O presidente executivo do PRISA expressou sua convicção de que o trabalho dos jornalistas continuará sendo necessário: “Os cidadãos continuarão precisando, possivelmente mais do que nunca, de gente com estômago, coração e vontade de servir aos seus vizinhos mediante o exercício de lhes contar a verdade e revelar os segredos que o poder pretende ocultar”.

Misturando história e futuro, e suas próprias experiências profissionais, ele assinalou que na época da revolução digital “é preciso prestar maior atenção ao jornalismo inquiridor, à qualidade e rigor das informações e à compreensão das mesmas”.

Cebrián falou dos perigos do wikijornalismo: uma forma de jornalismo que se desenvolve na rede, instantânea e cooperativa, em que os comunicadores das notícias são em geral os protagonistas, e o efeito da mediação desaparece. “Poderíamos dizer que o wikijornalismo está para o jornalismo como a Wikipedia para as enciclopédias clássicas. Embora aparentemente se trate de produtos parecidos ou homogêneos em sua apresentação, e atendam a uma demanda muito similar, as diferenças que abrigam entre eles são profundas”, observou. “No mundo wiki, a interação imediata é a chave, o conhecimento é coletivo e, em princípio, não há uma liderança visível ou demonstrável à qual atribuir a responsabilidade pelo rigor intelectual. O que se ganha em participação se perde em garantias da qualidade do conteúdo”.

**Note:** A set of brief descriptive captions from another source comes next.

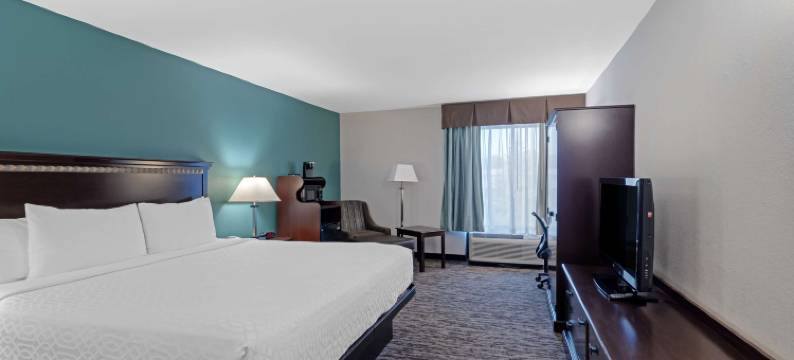 康提赛德-芝加哥地区贝斯特韦斯特优质酒店(Best Western Plus Chicagoland - Countryside)图片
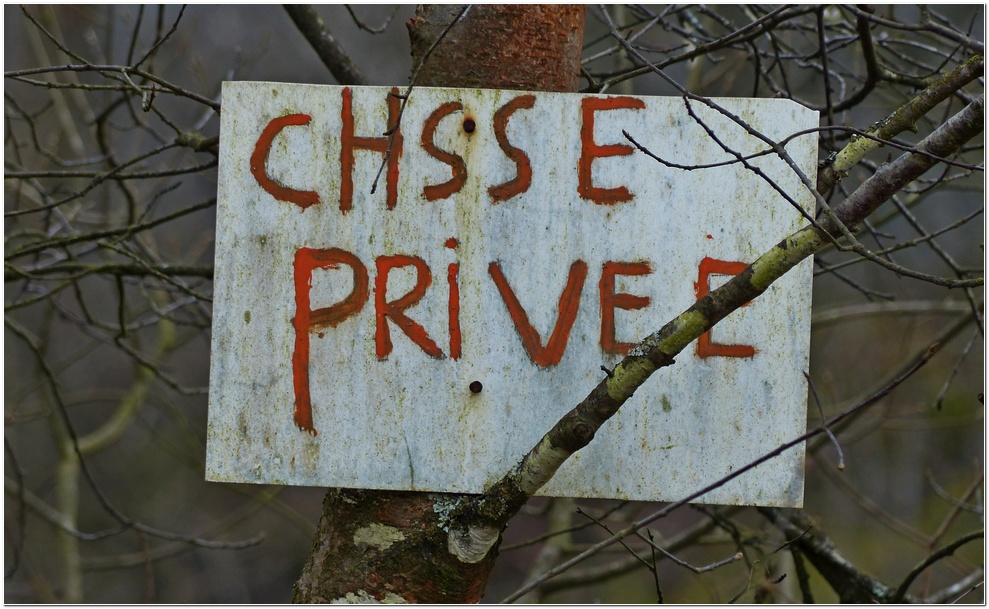 Chasse privee a1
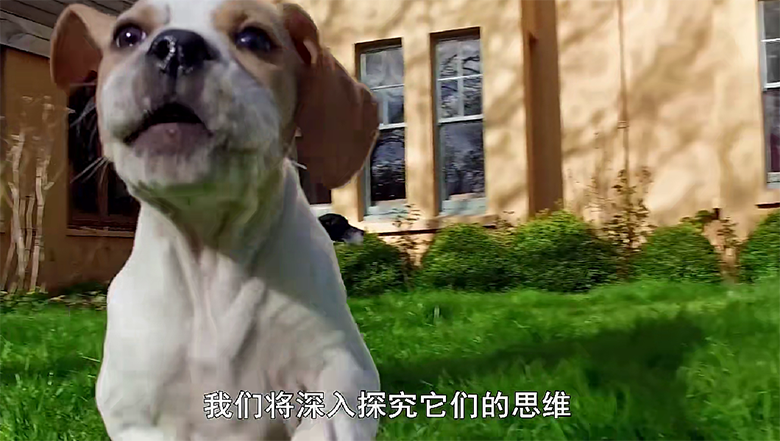 QQ20250202-120753.png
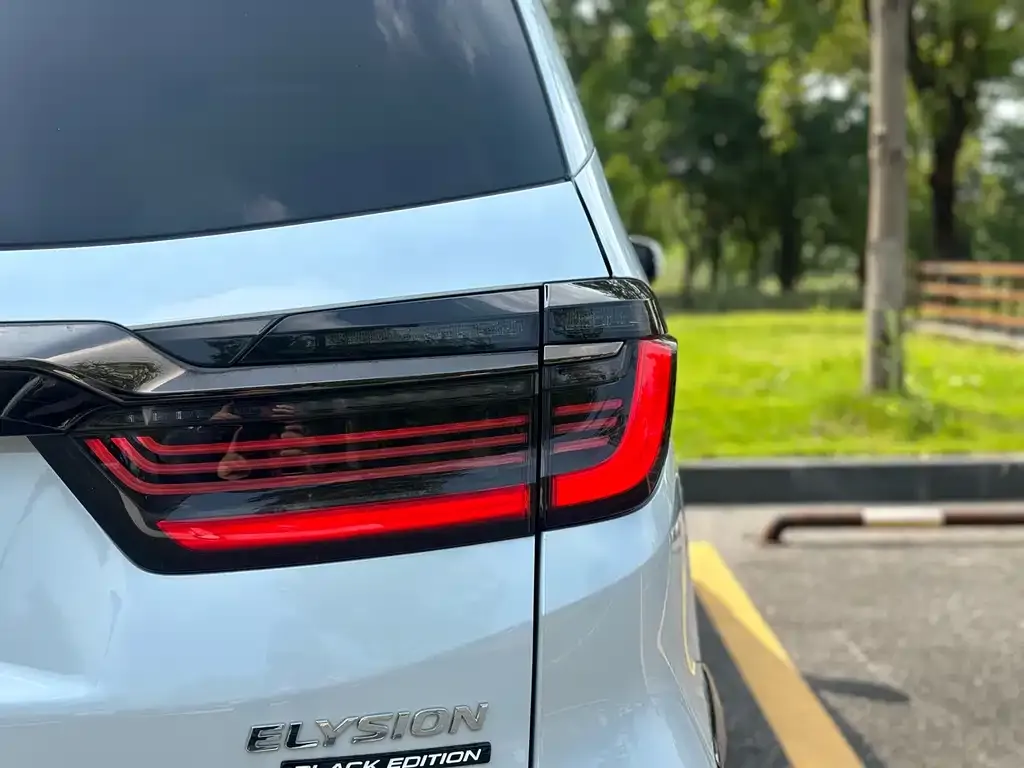 [object Object] Elysion 2024 из CN, фото 9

Mas afirmou que isso não parece preocupar o usuário, “que confere uma credibilidade inaudita às mentiras, rumores, calúnias e disparates de muitos blogueiros, que destoam do rigor jornalístico dos meios tradicionais, embora seja preciso reconhecer que existam exceções”. Para o principal executivo do PRISA, o problema não radica, portanto, na discussão sobre se os jornais devem continuar publicando suas edições em papel ou em formato eletrônico. A discussão de fundo, segundo Cebrián, “consiste em saber como a eliminação dos elementos tempo e espaço no universo digital irá influenciar na construção da convivência e no método de conhecimento e comunicação entre os cidadãos”.

O presidente do EL PAÍS aproveitou a ocasião para destacar os laços que o unem ao Chile, que em janeiro passado lhe concedeu a comenda Bernardo O’Higgins no Grau de Grão-Oficial, a mais alta distinção concedida pelo Governo do ex-presidente Sebastián Piñera a um cidadão estrangeiro. Cebrián descreveu o país sul-americano como um berço de grandes escritores, cuja memória honra a cultura hispânica, e um lugar privilegiado para o exercício da imprensa livre. “Não podemos deixar de celebrar que seja aqui onde se edita o mais antigo título de um jornal em espanhol”, disse, em referência ao El Mercurio.